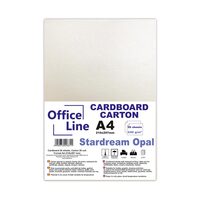 Carton A4 240gr Stardream 01 opal top.20 coli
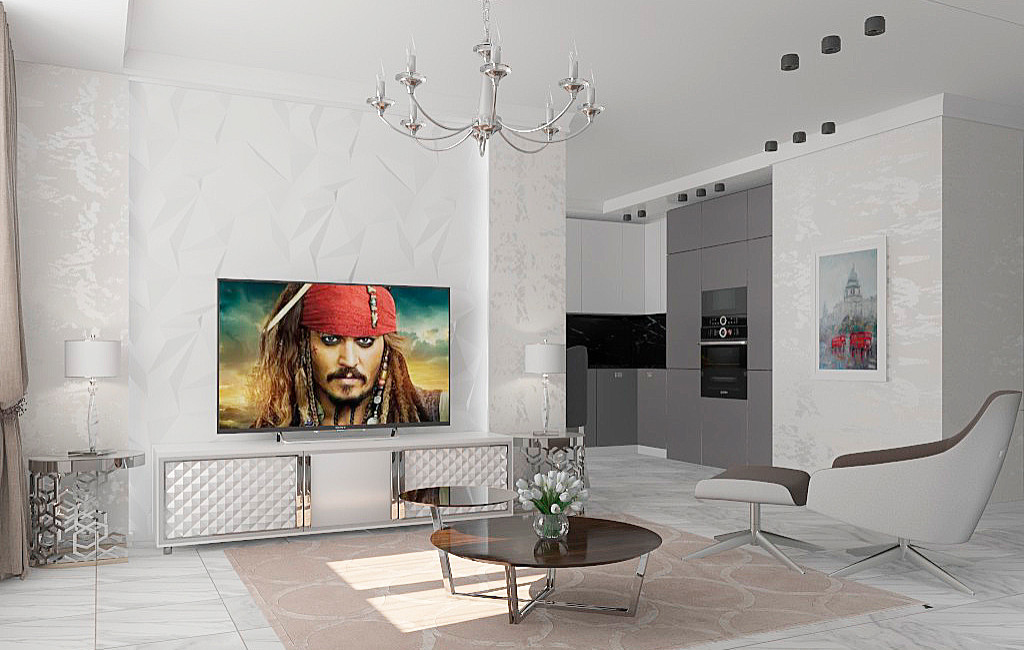 частный интерьер  Каменск-Уральский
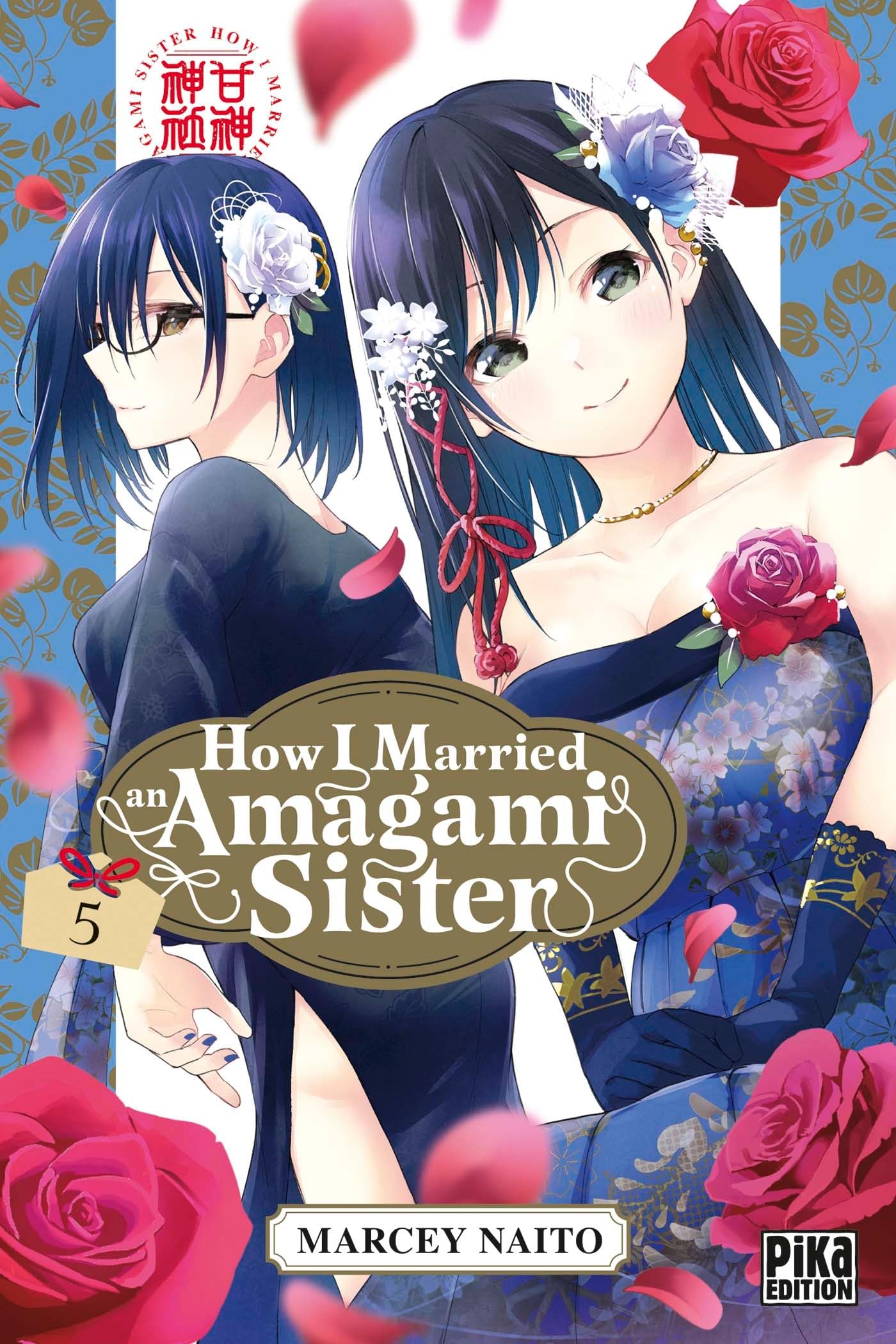 How I Married an Amagami Sister T05 book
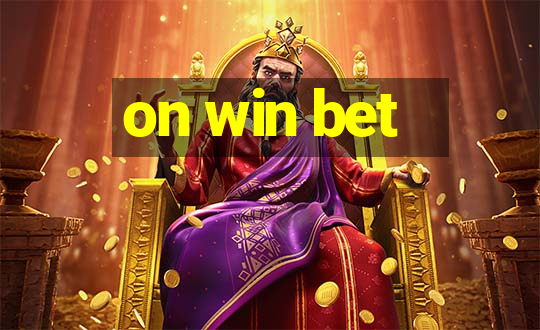 on win bet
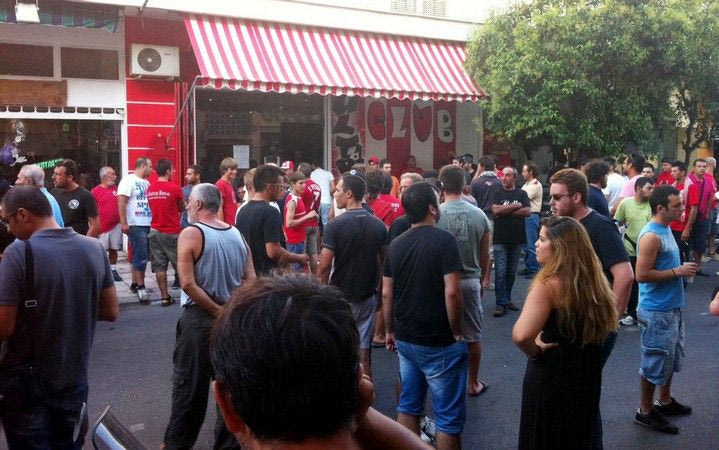 Στους δρόμους ξανά οι οπαδοί του Ολυμπιακού Βόλου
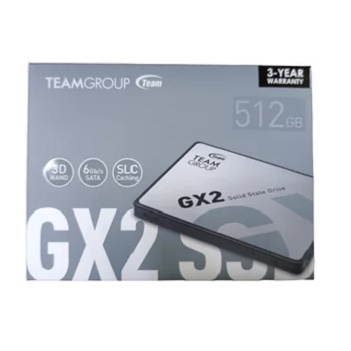 SSD TEAMGROUP GX2 512GB T253X2512G0C101 - Garansi Resmi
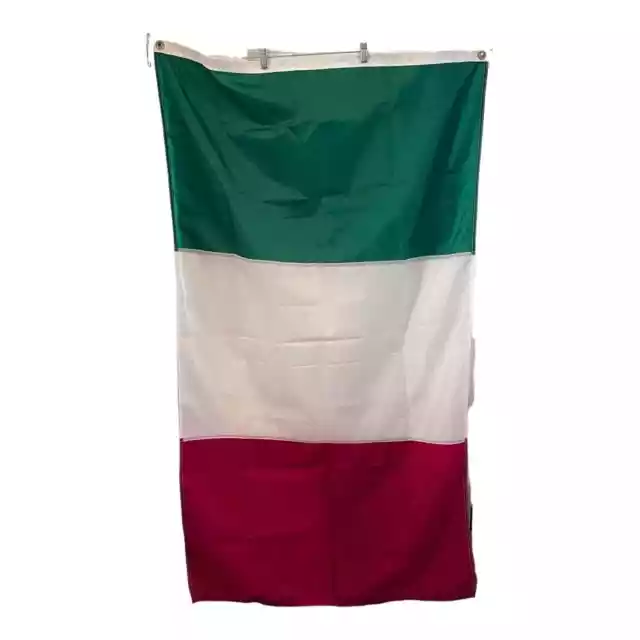 Italy Nyon Flag Indoor/Outdoor Sturdy Well Made in USA 36” x 60”, 94cm x 152cm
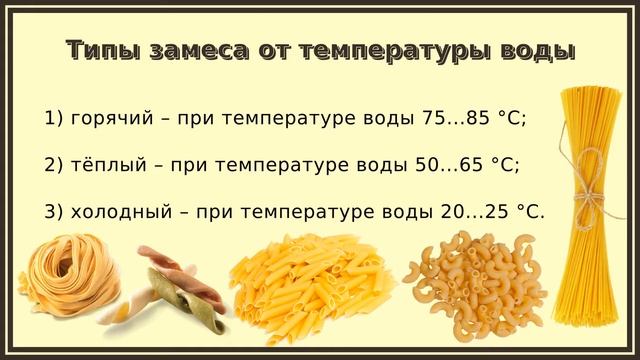Машинно-аппаратурная схема линии производства короткорезанных макаронных изделий смотреть онлайн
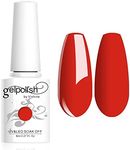 Vishine 8ml Soak-Off UV LED Gel Polish Nail Art Manicure Lacquer Orange Red #019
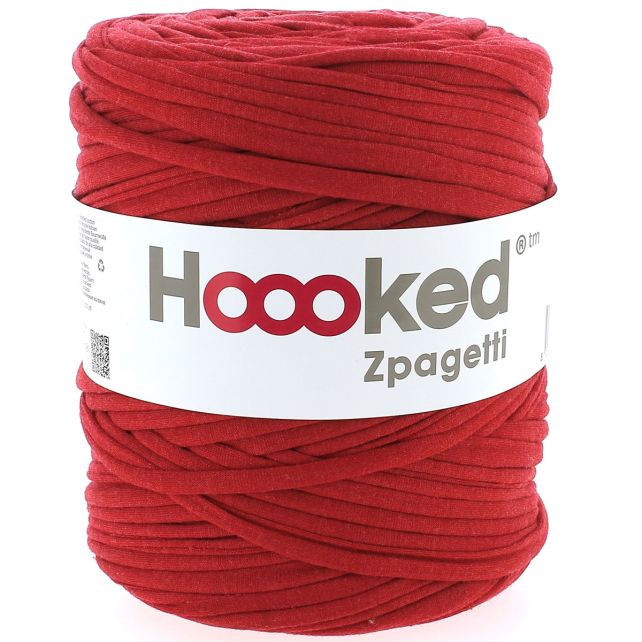 Zpagetti Cotton Yarn Mad Red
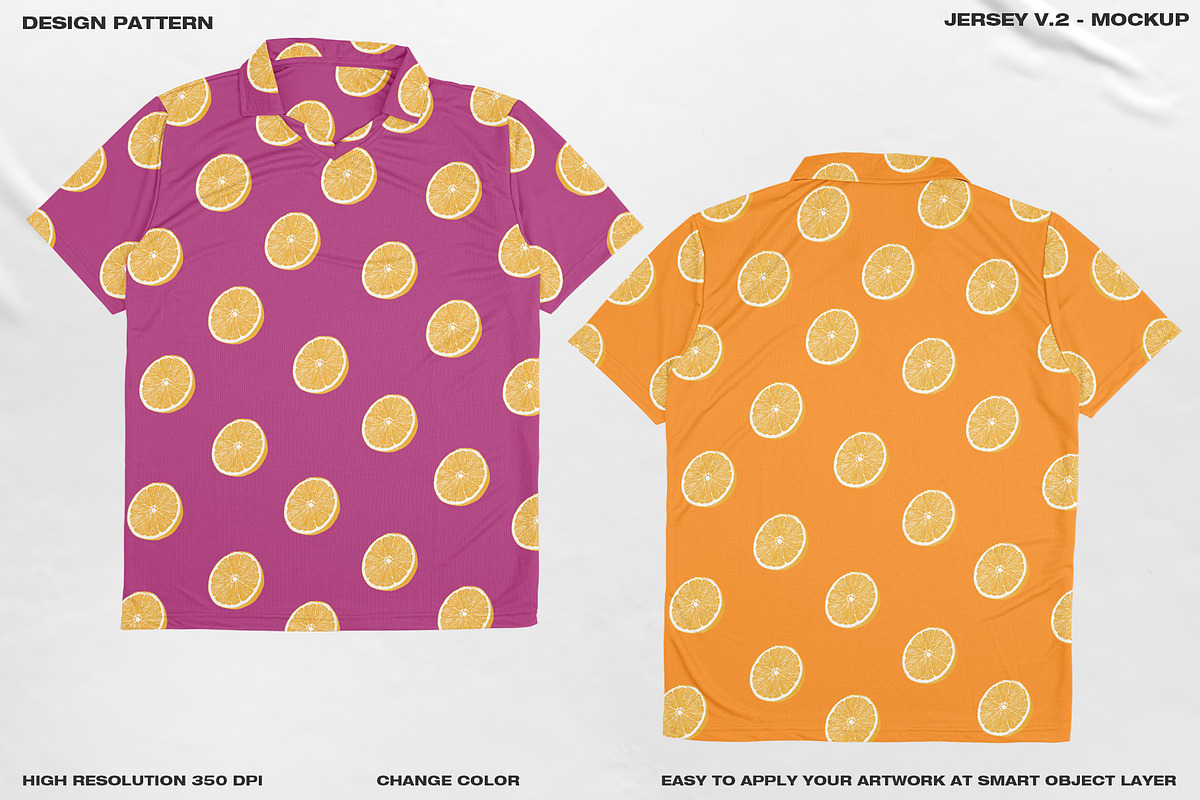 Jersey V.2 - Mockup, a Shirt Mockup by DaldSgh (Photo 10 of 14)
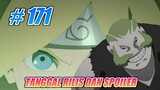 Tanggal Rilis dan Spoiler Boruto Episode 171 Indonesia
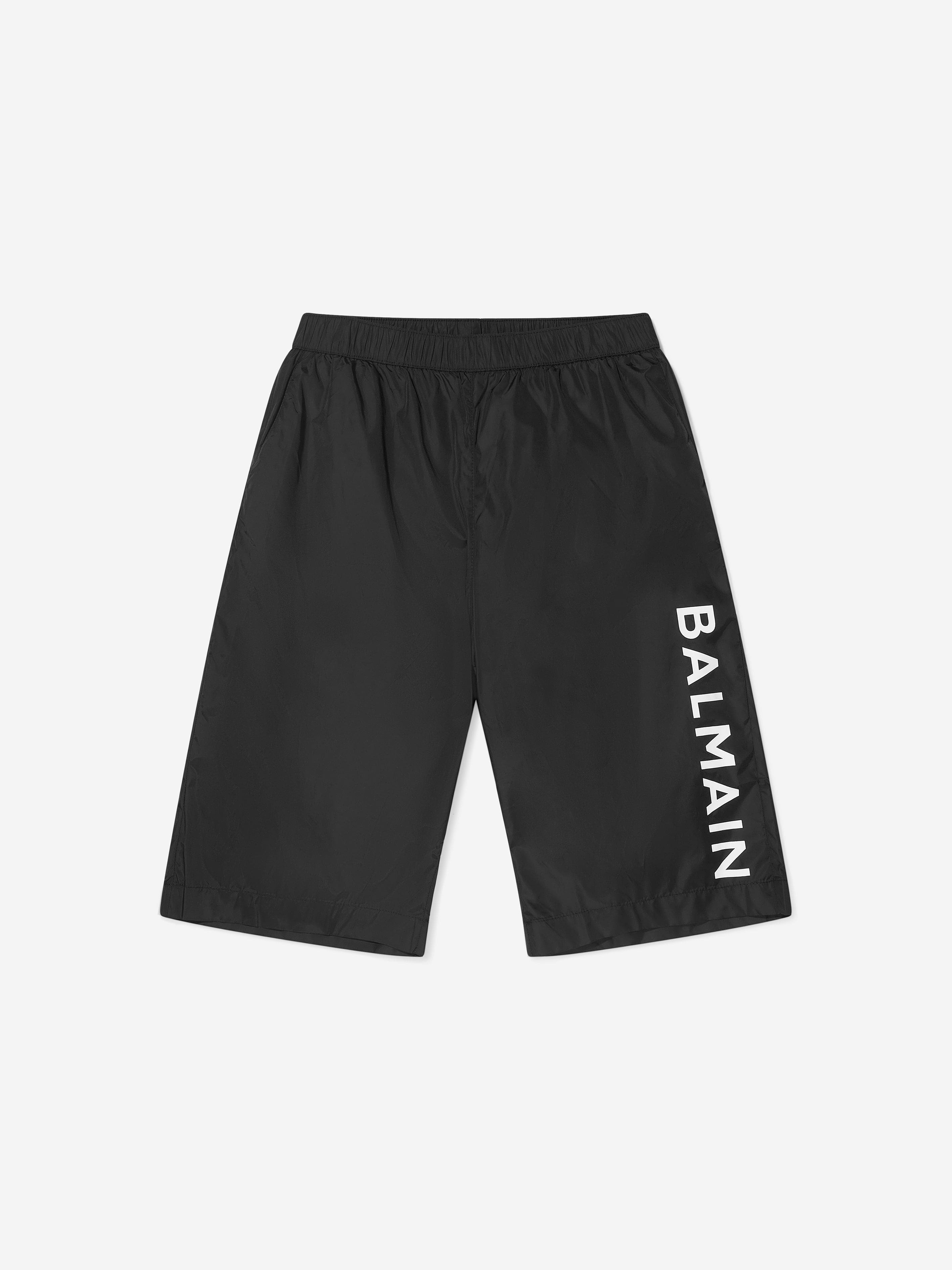 Balmain Boys Logo Swim Shorts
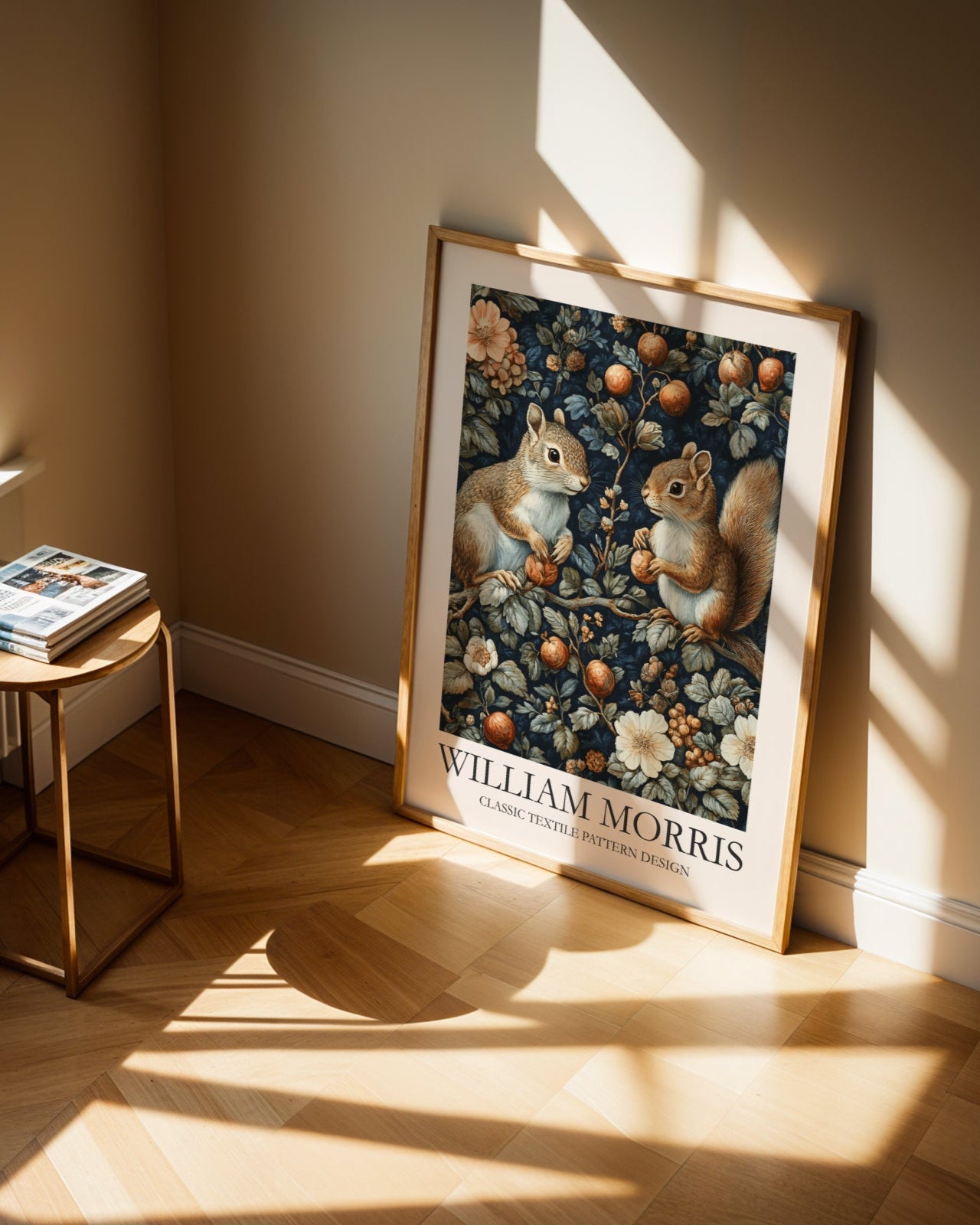 William Morris Classic Textile Pattern Design No.2 Poster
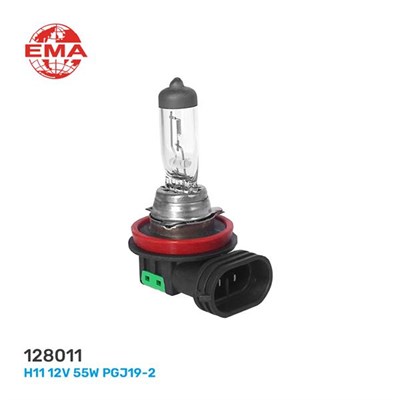 Halojen Ampul H11 12V 55W PGJ19-2 EMA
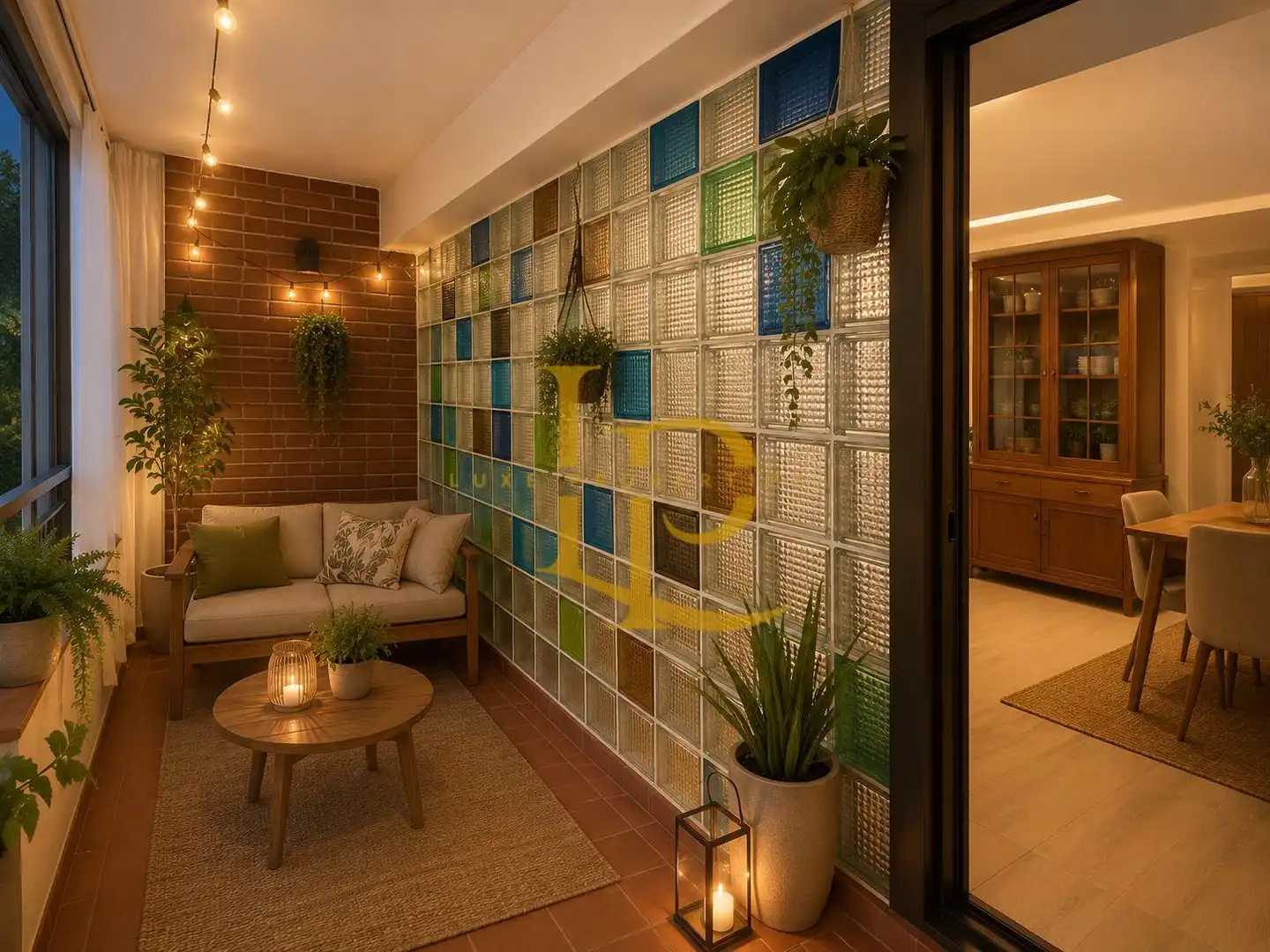 Terrace of Flat for sale in Barcelona  with Heating, Oven and Balcony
===
== ABOUT THIS TASK ==
Once the pictures are set aside, reproduce the records in full and exactly.

== EXERCISE RESPONSE ==
 Carton A4 240gr Stardream 01 opal top.20 coli
 частный интерьер  Каменск-Уральский
 How I Married an Amagami Sister T05 book
 on win bet
 Στους δρόμους ξανά οι οπαδοί του Ολυμπιακού Βόλου
 SSD TEAMGROUP GX2 512GB T253X2512G0C101 - Garansi Resmi
 Italy Nyon Flag Indoor/Outdoor Sturdy Well Made in USA 36” x 60”, 94cm x 152cm
Машинно-аппаратурная схема линии производства короткорезанных макаронных изделий смотреть онлайн
 Vishine 8ml Soak-Off UV LED Gel Polish Nail Art Manicure Lacquer Orange Red #019
 Zpagetti Cotton Yarn Mad Red
 Jersey V.2 - Mockup, a Shirt Mockup by DaldSgh (Photo 10 of 14)
 Tanggal Rilis dan Spoiler Boruto Episode 171 Indonesia
 Balmain Boys Logo Swim Shorts
 William Morris Classic Textile Pattern Design No.2 Poster
 Halojen Ampul H11 12V 55W PGJ19-2 EMA
 Terrace of Flat for sale in Barcelona  with Heating, Oven and Balcony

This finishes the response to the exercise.